The Benefit of Getting Different Answers to Your Questions in the Consultation Process
What usually happens in the process of collecting answers from multiple sources is that you get very different answers to the same question.
That’s a good thing. In fact, that is a great thing.
When this fact comes to light, you’ll understand that you’ve missed a step. You either haven’t asked enough people or you haven’t asked the right people the right questions. Also, you’ll know that some variables are missing from the consultation process.
What do you need to do next?
1. Arrange a video call with all experts who provided input.
Bring them together in the same virtual space, a conference call, or a collab board. Ask them the same question at the same time.
Here is a list of questions that can help you clarify any inconsistencies in the consultation process:
- I asked all of you the same questions and each gave me a different answer. Why is this so?
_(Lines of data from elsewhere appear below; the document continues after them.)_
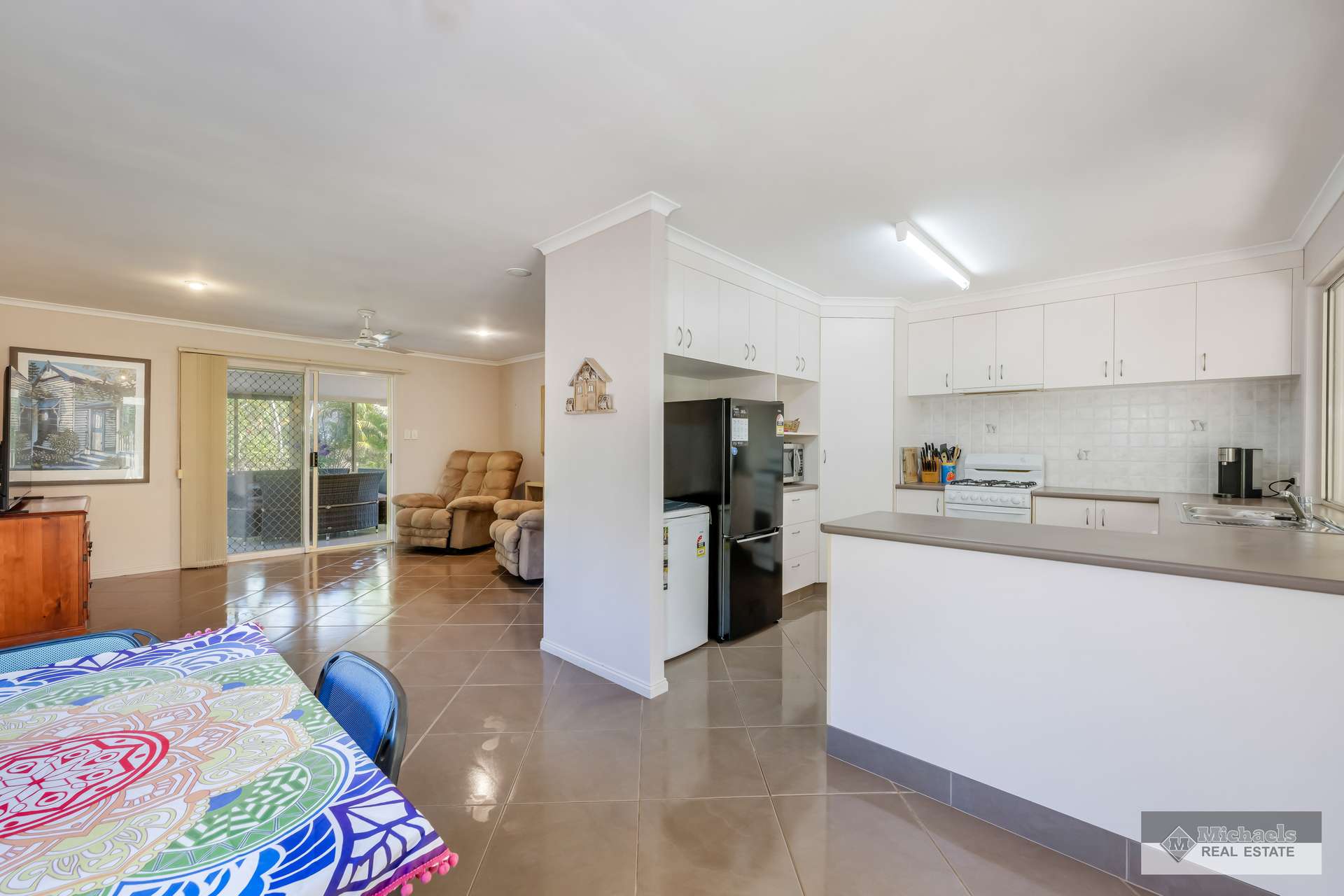 201 Hawe Road, Electra For Sale by Farmbuy.com - image 12
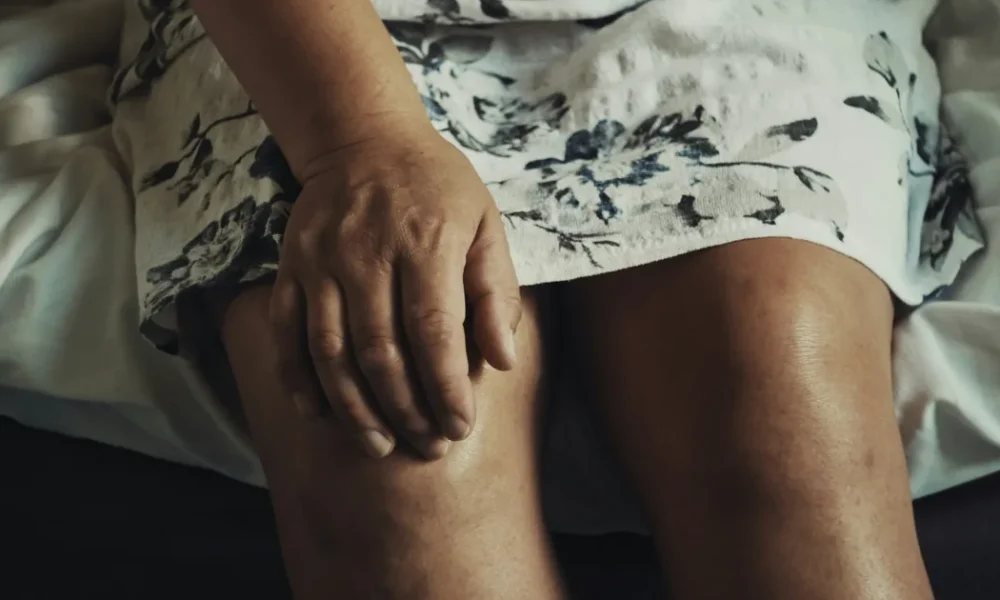 How To Squat Without Hurting Your Knees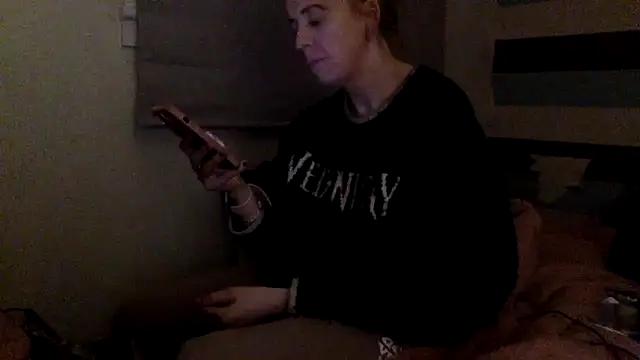 Bellababexox online show from 05-16-26, 12:07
- I need to understand where this difference comes from. Tell me more, please.
- Did you make any assumptions or missed variables in the cost estimate?
2. Listen to the discussion.
Although not all consultants will agree on everything, you will learn an important lesson. You will know how to refine the questions.
The fact is, if you don’t know the questions you need to ask about a problem, you don’t really understand the problem.
The refined, precise questions can then serve as the basis to collect quotes from specific experts when you dive deeper into understanding what the customers want.
3. Filter the process with specific consultants.
Customers don’t always know how to put a name on technology. For example, they don’t make a difference between CMS, libraries, and frameworks. Consequently, they often go for a monolithic technology solution which costs them more than they could get from a molecular approach.
But a monolithic system does not provide all functionalities. Customers frequently end up with pricey and partially ineffective products. At this point, you need to ask specific questions. This will help you to:
- Gather precise product or service requirements.
- Understand the reality of the problem, and
- Find the best people to solve it.
Customers don’t need an expensive solution that they believe will do everything.
Therefore, break down the questions in small pieces. Such filtering will remove the huge price for a monolithic solution out of the equation. In contrast, you will be able to provide a correct estimate for smaller chunks of work.
Experience as a Gamechanger
The objective consultation process is not wrapped in unhealthy self-interest. It is a result of the experience that helps you gain full control and understanding of what the client wants.
What’s even more important, you can present this transparent consultation process to your customers, so that they get an idea of how you’ve come up with prices to what you are selling.
The Best Way to Delight Customers with Expert Consultation
Impartial consulting based on a broader experience model is a powerful addition to any digital agency’s portfolio. It’s also a great sales pitch for face-to-face meetings.
When you present the cost estimates to clients, recommend the best way forward by picking up the most economical variant from the consultation process.
- Offer a clear list of tasks.
- Explain who will do what, and
- Elaborate why do you think that’s the best process for the problem that requires a solution.
You will end up with an unbiased estimate that’s more realistic than the estimate provided by an individual consultant.
This objective step-by-step consultation process can be used as early as in the initial product requirements gathering stage.